As the availability of commercial drones has increased in popularity, so have the open hardware and software communities. The latest open source drones are challenging their more expensive rivals with advanced features, such as object avoidance and GPS navigation.
This challenge to the commercial models is no real surprise, and you don't have to look too far into the DIY drone community to find that many of the main manufacturers are extremely active in the open source world, and regularly contribute to and support those wishing to build their own; companies such as 3D Robotics, for example, sell autopilot systems that can be programmed through software applications such as Mission Planner.
3D Robotics involvement in the community is apparent when you take a closer look at one of its drones. Peek under the hood of the 3DR SOLO and you'll see that it's Linux based. The company also runs a huge education program, and a full SDK is available for the SOLO.
We're going to take a look at building a basic drone from this recent open source community project with the latest Raspberry Pi Zero and Erle Robotics PXFMini.
Once you've finished this project, head over to our How to fly your DIY Raspberry Pi drone article to find out how to calibrate and fly your new drone.
What you need
- Raspberry Pi Zero
- Erle Robotics PXF Mini
- Erle Robotics PXF Mini Power Module
- HobbyKing Spec FPV250
- 100mm male to male servo cable
- FlySky-i6 controller
- Edimax AC EW-7811UAC
- RC XT-60 connectors
Getting started
The first step is to prepare the Raspberry Pi Zero and PXFmini. Fitting the two together is relatively simple once the 40-pin GPIO connector has been soldered onto the Raspberry Pi Zero. The connector is simply a set of two lines of pins that slot into the top of the Zero and corresponding socket on the PXFMini.

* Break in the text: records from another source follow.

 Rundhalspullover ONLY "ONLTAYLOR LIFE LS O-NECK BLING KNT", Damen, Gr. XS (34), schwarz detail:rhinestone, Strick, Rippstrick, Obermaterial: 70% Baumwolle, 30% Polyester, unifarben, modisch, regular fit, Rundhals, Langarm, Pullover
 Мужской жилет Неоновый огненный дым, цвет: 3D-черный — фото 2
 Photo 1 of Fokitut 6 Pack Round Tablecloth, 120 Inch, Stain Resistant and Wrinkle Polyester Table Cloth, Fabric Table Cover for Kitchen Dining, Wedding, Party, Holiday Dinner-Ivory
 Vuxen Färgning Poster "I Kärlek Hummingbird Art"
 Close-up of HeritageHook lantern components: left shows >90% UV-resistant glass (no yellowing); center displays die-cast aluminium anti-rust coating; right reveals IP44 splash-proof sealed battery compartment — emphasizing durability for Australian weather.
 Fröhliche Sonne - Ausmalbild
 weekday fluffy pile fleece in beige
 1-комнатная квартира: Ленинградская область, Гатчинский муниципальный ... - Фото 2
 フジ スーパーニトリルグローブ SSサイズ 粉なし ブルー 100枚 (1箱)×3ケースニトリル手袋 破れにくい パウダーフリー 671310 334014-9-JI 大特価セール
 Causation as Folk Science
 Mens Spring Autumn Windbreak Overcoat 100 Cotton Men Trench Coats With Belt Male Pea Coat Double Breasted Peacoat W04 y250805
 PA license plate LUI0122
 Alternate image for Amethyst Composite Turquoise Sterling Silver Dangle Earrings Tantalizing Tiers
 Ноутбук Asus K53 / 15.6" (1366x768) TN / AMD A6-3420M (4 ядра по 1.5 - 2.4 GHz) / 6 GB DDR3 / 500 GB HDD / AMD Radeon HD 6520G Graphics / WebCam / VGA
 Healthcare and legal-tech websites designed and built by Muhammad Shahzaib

The cost of the Pi Zero's basic board is low at just £4 ($5, around AU$7), but for this project you really need to get the starter kit that includes the unpopulated 40-pin GPIO connector, Mini USB and HDMI cables. A USB hub is also a good idea so that you can connect a keyboard mouse and Wi-Fi dongle.
You'll actually end up with two 40-pin connectors if you buy this as there's one included with the PXFMini but it's worth paying for the other connectors along with the Raspberry Pi Zero.
Soldering in the pins can be a bit of a challenge due to the small size of the board and you must also make sure that the pins have enough length above the board to interface with the PXFMini.
The easiest way to do this is to use some Blu-Tack. We also found that by sanding the pins with a bit of Wet and Dry or fine emery cloth helps the solder to stick.
To prepare the board place the GPIO pins into the Raspberry Pi Zero and turn the board over so you can see the pins coming through the board. Put it on the table so that it's at about a 45 degree angle and use a bit of Blu-Tack (or Sticky Tack, or any similar material) to secure.
Now push the pins so that there's only a small portion – a maximum of 1mm – appearing through the board, and use Tack to secure the position of the pins at one end of the board. The Blu-Tack needs to be positioned on pins that we're not soldering at first, then once one end of the pins is soldered and secured we can remove the Tack and finish the job. If the Tack gets hot then it will burn and become difficult to remove.
You'll need to solder all the pins and make sure that you avoid any dry solders. A fine-tipped soldering iron with a new tip will make your life easier if you're not used to soldering.